(Provided data Opens)

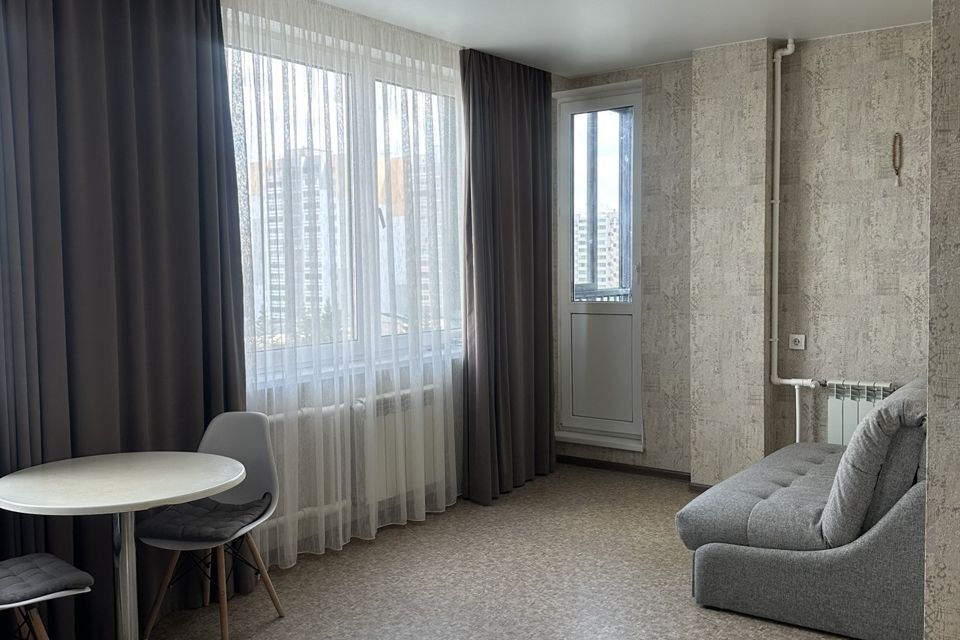 Продаётся студия, 35 м²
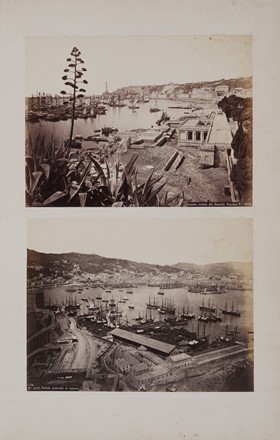  Robert Julius Rive  (Breslavia, 1817 - Napoli, 1868) : 'Photographies d'Italie par R. Rive'. Raccolta di 147 fotografie.  - Auction Fotografie storiche - Libreria Antiquaria Gonnelli - Casa d'Aste - Gonnelli Casa d'Aste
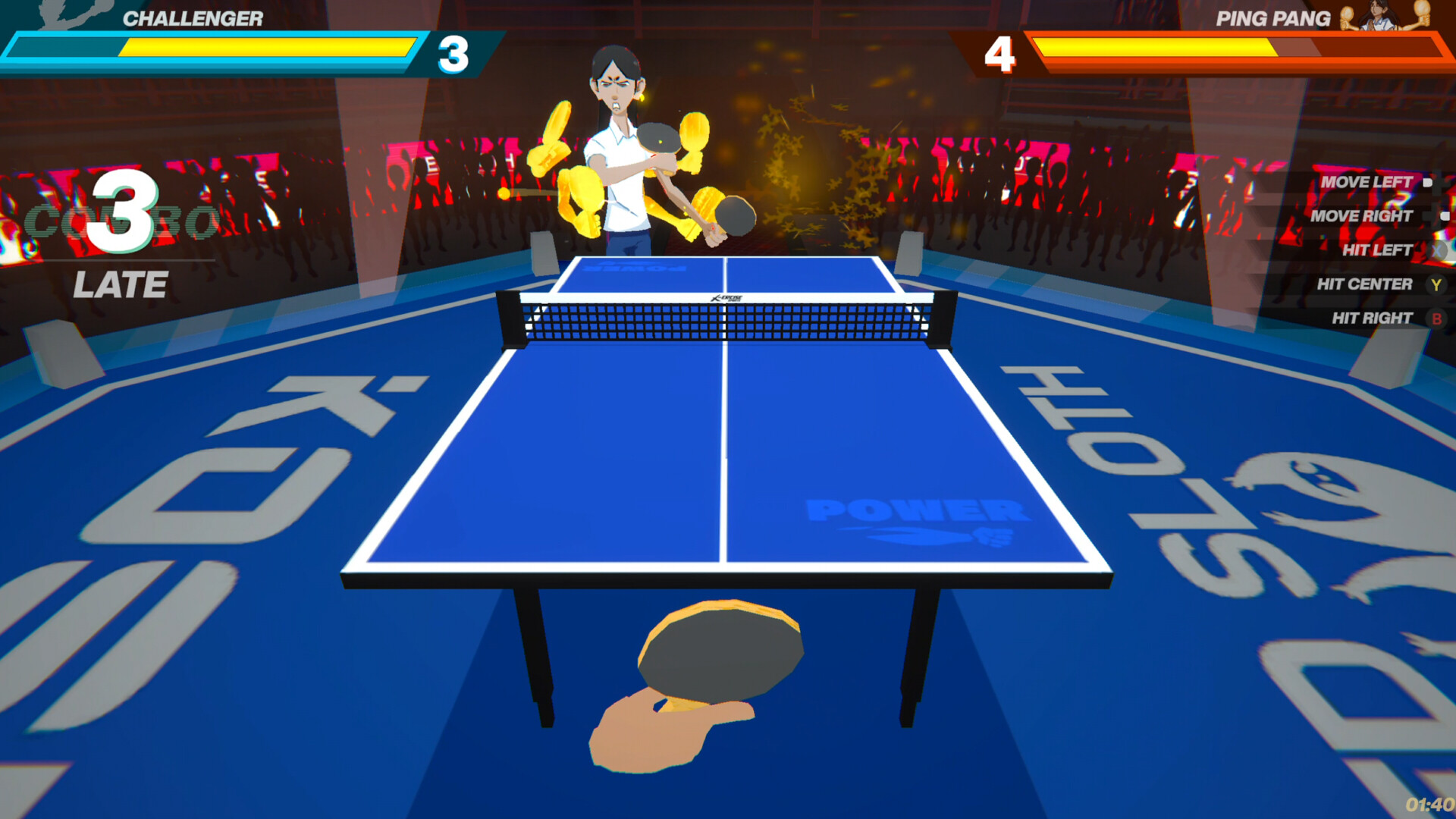 King of Ping Pong: Megamix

(Provided data Closes)

(Task requirements) Return the material exactly as given above, picture-free.

(Solution)
 Продаётся студия, 35 м²
  Robert Julius Rive  (Breslavia, 1817 - Napoli, 1868) : 'Photographies d'Italie par R. Rive'. Raccolta di 147 fotografie.  - Auction Fotografie storiche - Libreria Antiquaria Gonnelli - Casa d'Aste - Gonnelli Casa d'Aste
 King of Ping Pong: Megamix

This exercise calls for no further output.